In more recent years I have often asked myself, did Hamilton truly fail to prepare me for “the highway of life” as much as I thought it once did? I suppose we could have been made more aware of what was happening in the world around us. I know that I have always been grateful that in Professor Walter Laves’ “poli sci” I worked at the polls in a Utica municipal election. But in two ways I believe that those years on the Hill did prepare me to face the larger world of reality.
The period of age 18 to 22 was for many of us was — I know it was for me — a time of intense inner struggle in which all our beliefs, our values and our relation to parents and authority, were painfully scrutinized. I believe that in ways it was strengthening that at such a time we could live in an environment that permitted this process of self-evaluation to take place with a minimum of outside interference.
Looking back, I believe also that college strengthened us for the future by introducing us to samples of “the best of the past,” even if that meant spending less time on the contemporary scene.

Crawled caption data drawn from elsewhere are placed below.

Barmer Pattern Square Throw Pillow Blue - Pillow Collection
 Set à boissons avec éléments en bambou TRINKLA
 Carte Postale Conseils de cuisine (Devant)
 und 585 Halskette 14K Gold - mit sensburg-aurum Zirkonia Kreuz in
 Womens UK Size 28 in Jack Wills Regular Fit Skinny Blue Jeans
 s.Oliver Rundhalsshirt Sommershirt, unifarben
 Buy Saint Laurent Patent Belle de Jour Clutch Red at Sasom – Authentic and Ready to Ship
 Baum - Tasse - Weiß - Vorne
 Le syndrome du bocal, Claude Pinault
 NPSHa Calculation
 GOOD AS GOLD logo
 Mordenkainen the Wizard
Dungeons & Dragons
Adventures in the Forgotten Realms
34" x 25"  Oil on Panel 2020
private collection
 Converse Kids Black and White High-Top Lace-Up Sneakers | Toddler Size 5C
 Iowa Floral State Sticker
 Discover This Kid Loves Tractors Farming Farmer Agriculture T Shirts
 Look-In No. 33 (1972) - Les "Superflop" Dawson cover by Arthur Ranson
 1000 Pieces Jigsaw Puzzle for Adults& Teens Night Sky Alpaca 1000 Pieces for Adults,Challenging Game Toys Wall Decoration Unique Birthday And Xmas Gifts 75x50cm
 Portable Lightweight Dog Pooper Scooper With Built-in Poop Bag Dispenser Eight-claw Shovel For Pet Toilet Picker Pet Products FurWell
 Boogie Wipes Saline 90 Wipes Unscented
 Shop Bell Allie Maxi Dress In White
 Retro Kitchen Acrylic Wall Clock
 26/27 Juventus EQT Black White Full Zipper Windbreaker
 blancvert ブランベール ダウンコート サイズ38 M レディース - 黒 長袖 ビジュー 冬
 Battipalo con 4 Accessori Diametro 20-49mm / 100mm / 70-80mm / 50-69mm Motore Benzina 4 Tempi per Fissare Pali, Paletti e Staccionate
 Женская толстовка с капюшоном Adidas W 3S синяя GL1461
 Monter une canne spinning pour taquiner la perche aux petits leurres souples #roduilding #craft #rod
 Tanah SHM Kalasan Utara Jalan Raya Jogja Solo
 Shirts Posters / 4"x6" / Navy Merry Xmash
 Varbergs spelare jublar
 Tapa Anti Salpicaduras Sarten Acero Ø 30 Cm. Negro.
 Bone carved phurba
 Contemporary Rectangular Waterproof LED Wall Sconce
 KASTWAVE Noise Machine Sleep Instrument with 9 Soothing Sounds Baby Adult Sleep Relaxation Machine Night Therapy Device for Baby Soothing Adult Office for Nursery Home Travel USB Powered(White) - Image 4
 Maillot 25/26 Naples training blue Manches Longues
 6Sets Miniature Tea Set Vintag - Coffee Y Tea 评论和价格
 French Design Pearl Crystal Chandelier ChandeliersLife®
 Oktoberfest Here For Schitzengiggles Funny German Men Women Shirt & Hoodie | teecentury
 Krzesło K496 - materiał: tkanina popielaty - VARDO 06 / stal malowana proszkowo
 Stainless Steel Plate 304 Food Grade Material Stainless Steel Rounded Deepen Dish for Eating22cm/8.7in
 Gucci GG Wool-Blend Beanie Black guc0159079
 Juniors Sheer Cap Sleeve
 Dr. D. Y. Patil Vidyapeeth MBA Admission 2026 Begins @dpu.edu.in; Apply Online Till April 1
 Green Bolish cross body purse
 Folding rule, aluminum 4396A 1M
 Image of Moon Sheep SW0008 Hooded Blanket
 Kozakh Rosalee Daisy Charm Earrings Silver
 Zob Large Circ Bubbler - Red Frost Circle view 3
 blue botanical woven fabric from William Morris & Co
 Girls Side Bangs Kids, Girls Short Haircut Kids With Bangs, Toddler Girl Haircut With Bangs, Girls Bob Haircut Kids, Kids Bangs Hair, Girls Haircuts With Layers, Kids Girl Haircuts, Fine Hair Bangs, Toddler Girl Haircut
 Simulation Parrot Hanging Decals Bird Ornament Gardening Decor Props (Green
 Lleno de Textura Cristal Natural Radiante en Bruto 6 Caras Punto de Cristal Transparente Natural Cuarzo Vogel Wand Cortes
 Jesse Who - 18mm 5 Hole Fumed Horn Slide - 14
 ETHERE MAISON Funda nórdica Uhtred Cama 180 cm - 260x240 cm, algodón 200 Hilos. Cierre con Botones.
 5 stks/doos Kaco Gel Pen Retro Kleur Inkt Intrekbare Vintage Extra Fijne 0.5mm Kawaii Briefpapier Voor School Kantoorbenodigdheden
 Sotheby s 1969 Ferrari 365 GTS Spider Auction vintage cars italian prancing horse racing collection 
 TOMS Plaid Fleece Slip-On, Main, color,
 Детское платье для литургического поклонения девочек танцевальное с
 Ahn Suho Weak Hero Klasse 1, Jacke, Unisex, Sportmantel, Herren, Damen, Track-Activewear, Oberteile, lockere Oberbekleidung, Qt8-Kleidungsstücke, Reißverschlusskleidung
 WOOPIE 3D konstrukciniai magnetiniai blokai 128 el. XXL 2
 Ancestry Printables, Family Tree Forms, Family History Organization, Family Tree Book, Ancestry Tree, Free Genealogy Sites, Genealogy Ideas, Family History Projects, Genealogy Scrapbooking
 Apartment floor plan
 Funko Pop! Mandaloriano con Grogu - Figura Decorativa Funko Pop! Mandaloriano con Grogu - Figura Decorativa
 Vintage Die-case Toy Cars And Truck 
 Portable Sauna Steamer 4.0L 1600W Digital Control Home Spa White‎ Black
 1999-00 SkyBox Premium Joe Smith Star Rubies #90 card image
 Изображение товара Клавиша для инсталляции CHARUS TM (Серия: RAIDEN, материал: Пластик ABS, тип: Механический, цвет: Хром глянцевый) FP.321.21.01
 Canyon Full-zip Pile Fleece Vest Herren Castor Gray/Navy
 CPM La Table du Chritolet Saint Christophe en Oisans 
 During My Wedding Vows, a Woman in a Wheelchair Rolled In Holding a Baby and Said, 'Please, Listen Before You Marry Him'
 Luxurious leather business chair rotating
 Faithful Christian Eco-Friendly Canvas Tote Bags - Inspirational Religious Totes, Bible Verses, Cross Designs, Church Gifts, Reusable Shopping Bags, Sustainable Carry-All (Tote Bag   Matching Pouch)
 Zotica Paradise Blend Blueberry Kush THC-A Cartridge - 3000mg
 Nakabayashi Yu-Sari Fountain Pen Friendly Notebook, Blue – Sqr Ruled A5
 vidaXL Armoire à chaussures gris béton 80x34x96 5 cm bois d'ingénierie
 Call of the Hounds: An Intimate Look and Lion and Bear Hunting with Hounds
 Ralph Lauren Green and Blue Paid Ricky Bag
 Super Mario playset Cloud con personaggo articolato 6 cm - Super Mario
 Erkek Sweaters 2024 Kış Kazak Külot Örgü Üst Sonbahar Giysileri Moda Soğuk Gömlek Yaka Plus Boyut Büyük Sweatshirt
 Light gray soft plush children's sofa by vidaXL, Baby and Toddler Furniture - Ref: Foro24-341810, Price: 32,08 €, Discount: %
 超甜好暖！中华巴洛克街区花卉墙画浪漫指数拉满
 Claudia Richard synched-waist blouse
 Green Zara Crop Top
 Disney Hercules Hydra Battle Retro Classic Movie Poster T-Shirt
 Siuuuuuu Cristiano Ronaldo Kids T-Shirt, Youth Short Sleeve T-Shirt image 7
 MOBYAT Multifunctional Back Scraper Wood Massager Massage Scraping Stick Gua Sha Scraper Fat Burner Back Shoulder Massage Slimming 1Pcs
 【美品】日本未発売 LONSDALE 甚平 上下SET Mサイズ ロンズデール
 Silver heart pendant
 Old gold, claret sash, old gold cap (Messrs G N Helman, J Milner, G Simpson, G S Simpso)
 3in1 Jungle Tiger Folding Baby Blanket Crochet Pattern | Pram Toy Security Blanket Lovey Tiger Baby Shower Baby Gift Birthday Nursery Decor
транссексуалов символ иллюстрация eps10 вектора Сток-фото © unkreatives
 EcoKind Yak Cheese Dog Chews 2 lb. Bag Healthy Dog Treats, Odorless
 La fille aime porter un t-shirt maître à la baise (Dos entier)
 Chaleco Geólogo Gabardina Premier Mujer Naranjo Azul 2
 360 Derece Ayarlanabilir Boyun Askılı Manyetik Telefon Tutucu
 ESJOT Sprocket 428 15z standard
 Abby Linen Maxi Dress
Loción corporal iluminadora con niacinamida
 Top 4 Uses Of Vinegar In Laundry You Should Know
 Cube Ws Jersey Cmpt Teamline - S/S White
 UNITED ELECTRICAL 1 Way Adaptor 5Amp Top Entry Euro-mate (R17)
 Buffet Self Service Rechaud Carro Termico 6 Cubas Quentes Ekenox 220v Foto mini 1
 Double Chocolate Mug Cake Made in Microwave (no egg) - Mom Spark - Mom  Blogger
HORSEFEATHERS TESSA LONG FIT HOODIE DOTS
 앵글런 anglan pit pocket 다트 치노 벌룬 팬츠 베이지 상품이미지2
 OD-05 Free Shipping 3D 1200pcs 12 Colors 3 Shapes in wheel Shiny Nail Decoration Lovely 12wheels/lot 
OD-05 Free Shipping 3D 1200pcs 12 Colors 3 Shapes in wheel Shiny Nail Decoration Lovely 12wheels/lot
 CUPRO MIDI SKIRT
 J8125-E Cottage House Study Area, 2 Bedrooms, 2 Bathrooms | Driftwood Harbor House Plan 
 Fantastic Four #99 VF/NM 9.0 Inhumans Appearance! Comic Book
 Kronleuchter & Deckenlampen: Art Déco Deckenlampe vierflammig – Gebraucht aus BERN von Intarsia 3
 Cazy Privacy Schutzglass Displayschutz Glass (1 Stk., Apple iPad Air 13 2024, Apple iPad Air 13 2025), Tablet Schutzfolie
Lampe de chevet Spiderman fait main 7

I believe that I personally have been stronger in the meeting of problems and dilemmas of life because of the immersion in the literature and music of the past, the glimpses of mathematics, science and language, and the inspiration to continue to study and learn, which I received at Hamilton. I know that what I am raising is simply the old argument in favor of the liberal arts as a basis for a sound education, as opposed to a more vocational approach, but I have to say to you that each year I live, the stronger I favor that position.
As I read those past issues of Hamilton Life, I sought especially evidence of our interests outside our academic work, social life, and sports. What about influences from the outside world? Were we in revolt over anything? The picture I found rather surprised me. There were many projects (George Barrere, the Musical Art Society, Iturbi on his first tour to the United States). Carl Sandburg came to lecture. There were overflowing student audiences for Professor Shepard’s lecture on Proust; Bobbie Rudd’s reading of a new anti-war play; A.P. Saunders’ lecture on Bohr’s atom. (It seems almost unbelievable that in the 1920s Bohr’s concept of the atom that was a revolutionary novelty.)
True, no controversial topics were explored. There seems to be no evidence that we students were aware of the criticism of American culture led by such revolutionary magazines as Scribner’s, Harper’s and the new Mercury. Mencken was not invited to come as a lecturer, nor was Joseph Wood Crutch’s new book The Modern Temper, a campus bestseller. Spencer Phillips tells an amusing story that suggests “the modern temper” at Hamilton at that moment in our history. The Hamilton debating team, in preparation for a debate with Williams, decided that the topic should be birth control and so informed Williams. Subsequently, Spence was called into President Ferry’s office and was informed in no uncertain terms that this was no fit subject for public debate and it would not be tolerated. It wasn’t. An interesting sequel: Spence, in righteous indignation, told this story to the editor of Hamilton Life (the late Dave Beetle of our class who went on to a distinguished career in the newspaper world). Dave wrote a Hamilton Life editorial, but also, as a contributing correspondent to the Utica Daily Press, sent a copy to that paper, where AP picked it up and the item made The New York Times. Letters supporting the debating team came in from some graduates, but Prexy’s decree was not changed!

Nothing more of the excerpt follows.